A wartime ice cream made from goats milk will soon be back on sale at Kettering’s Wicksteed Park.
The popular ice cream, a rarity because of rationing, was sold from the park’s ice cream parlour in the pavilion.
The unique recipe was created during the Second World War when the park brought in a herd of goats in order to obtain milk for ice cream during the conflict.
But a version of it will be back on sale from April 6. Wicksteed Park say it will be “as close to the original as possible” using a traditional wartime recipe with a few modifications to meet new legislations.

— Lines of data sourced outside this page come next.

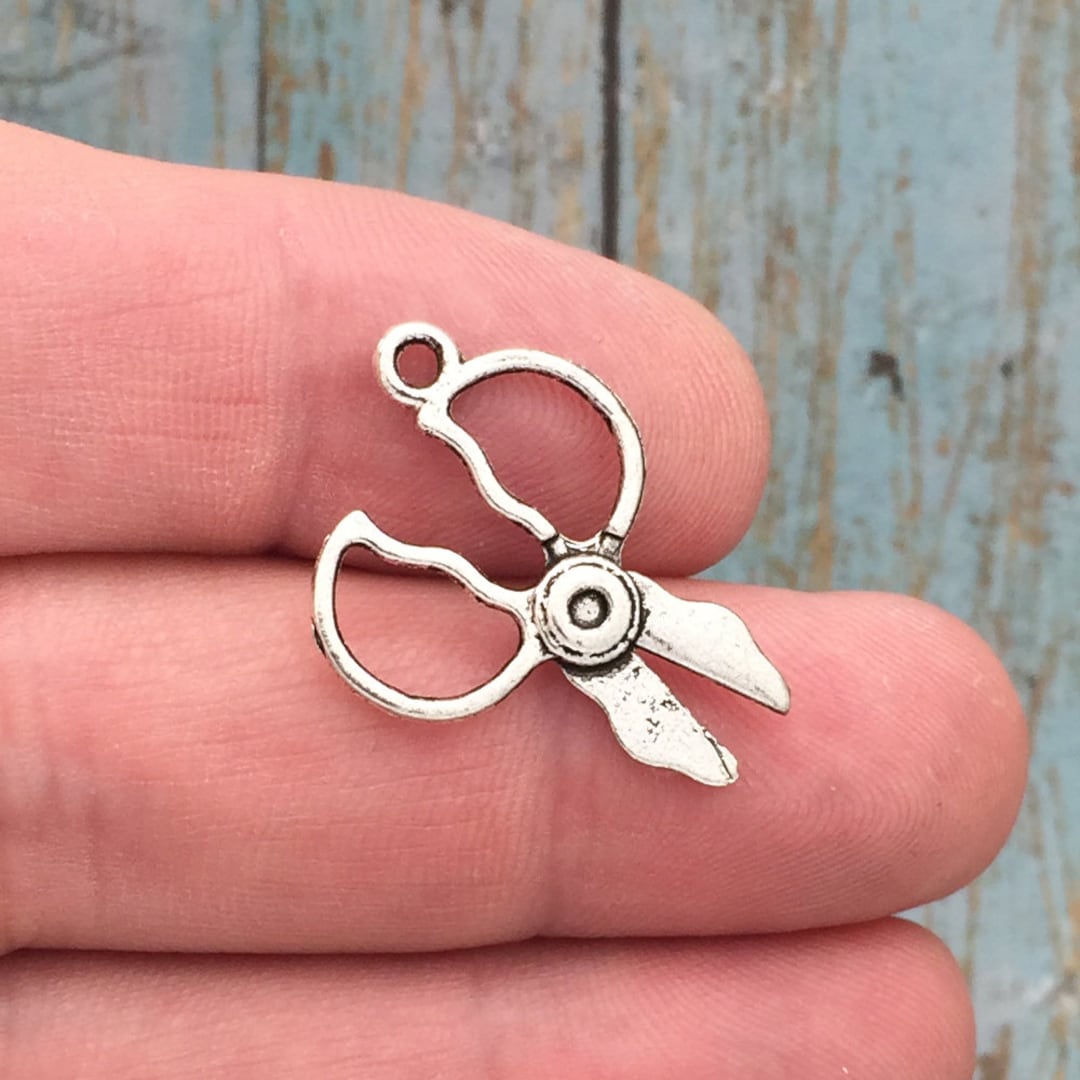 10 Scissor Charm Silver by TIJC SP0494 Etsy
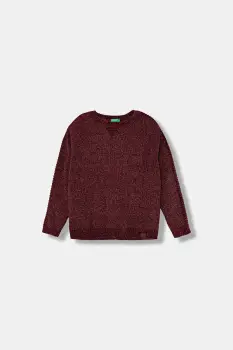 United Colors of Benetton pulover copii culoarea bordo, calduros, 16CLC108T imagine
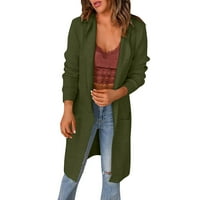 Kardigani za žene Trendy dugih rukava sa kapuljačom džep džep bez dugmeta, ležerna kardigan zelena
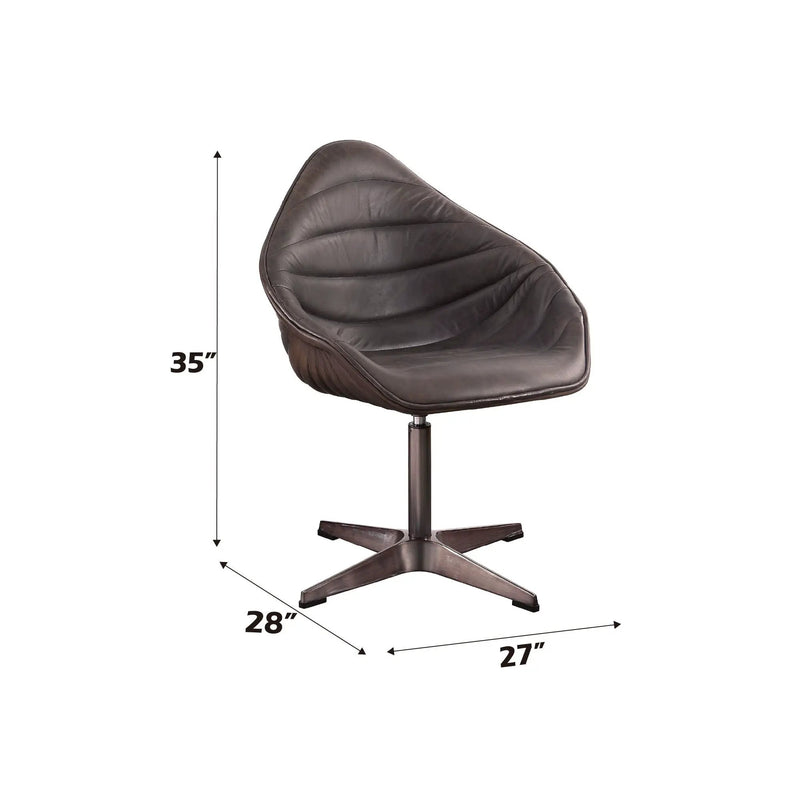 Pipino - Top Grain Leather Accent Chair With Swivel - Antique Ebony by HouseOfZazla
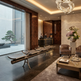 A luxury modern lobby interior featuring a long metallic bench, marble seating, a marble reception desk, and a large window overlooking a garden.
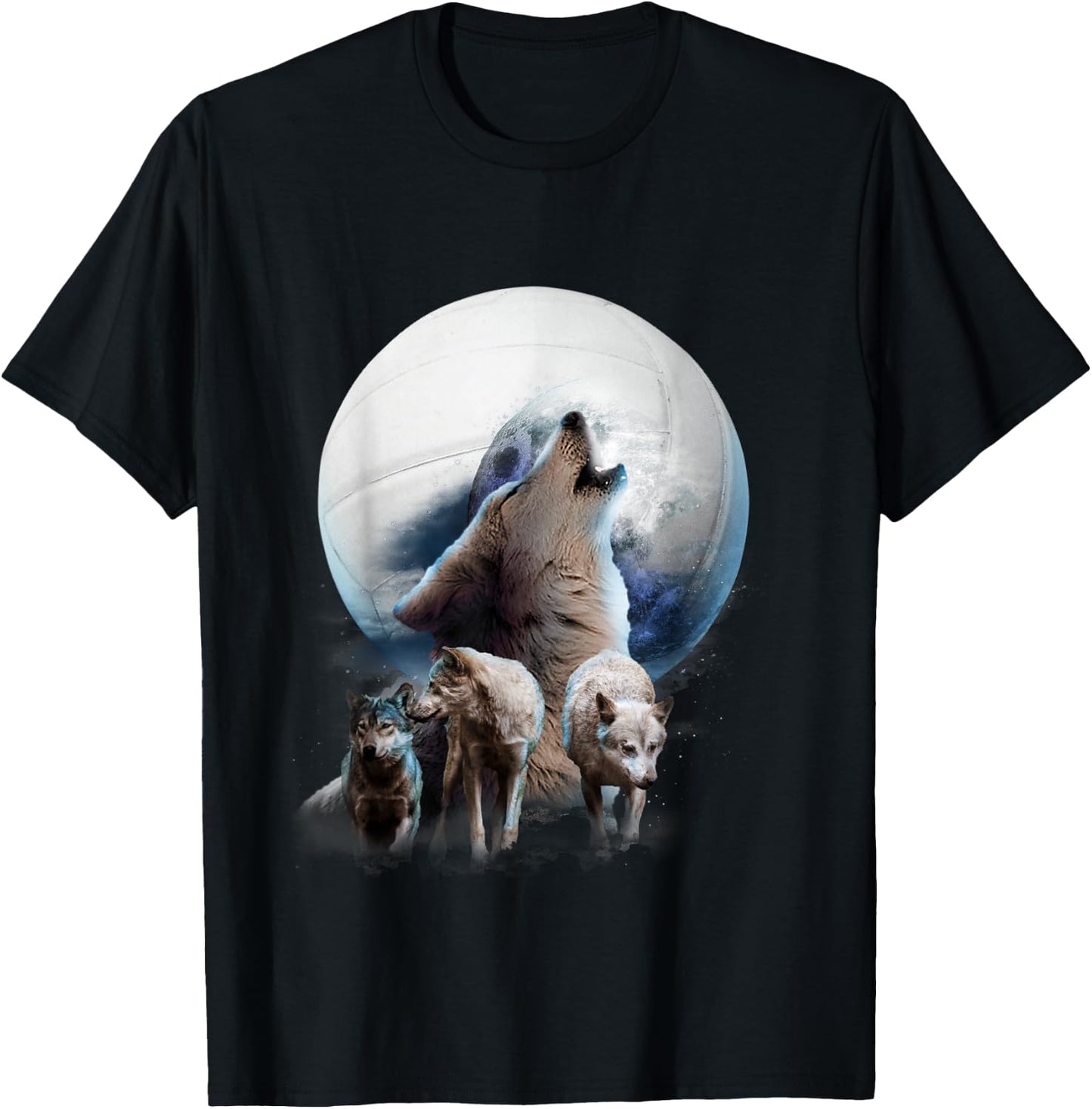 Volleyball Wolf Theme Classic , Black, Small T-Shirt - T-Shirt | Black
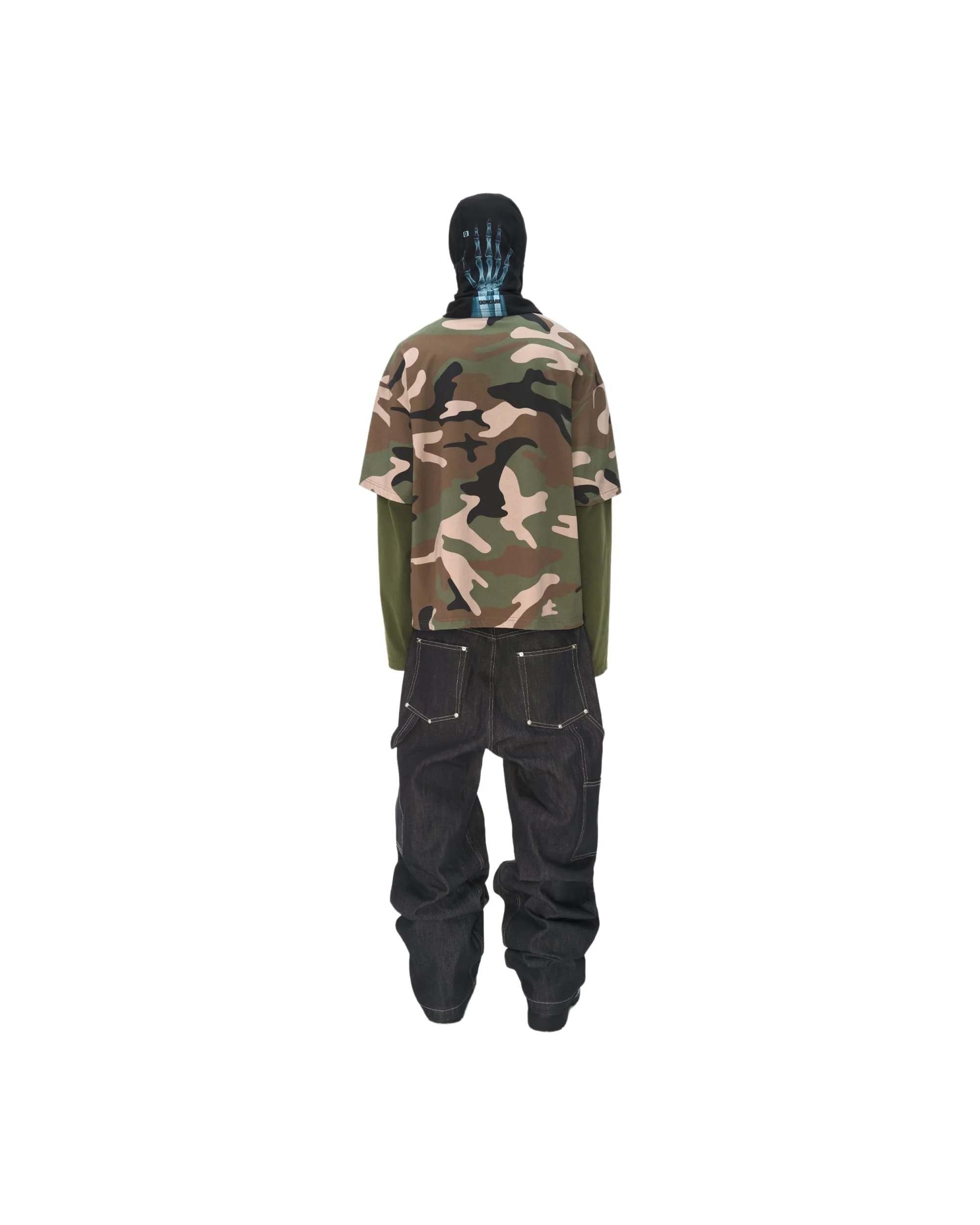 GREEN CAMO FAUX LAYERED LONG SLEEVE T-SHIRT - Image 5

It marks the return of Wicksteed Park ice cream almost 20 years after their factory closed in 2001 because the costs to upgrade equipment were too high.
Rachel James, head of sales and marketing at Wicksteed Park, said: “Almost two decades since our factory closed, we are proud to announce that the ice cream will be based on the original recipe and is once again available to purchase here at Wicksteed Park.
“We know how much our customers have loved this throughout the years, so we’re excited to be able to bring a touch of history back and remind some of our long serving visitors of the unique taste.
“What’s more you’ll have a choice of two flavours - vanilla and raspberry ripple.”
The original Wicksteed Park ice cream factory had opened in 1955 to keep up with the demand of the sweet delight.
To make the new ice cream the park has teamed up with two local businesses.
Family firm Ganders Goat, based in Cottingham near Corby, will join Wicksteed Park to produce the ice cream and Northampton’s Gallones will help with the set-up of the parlour.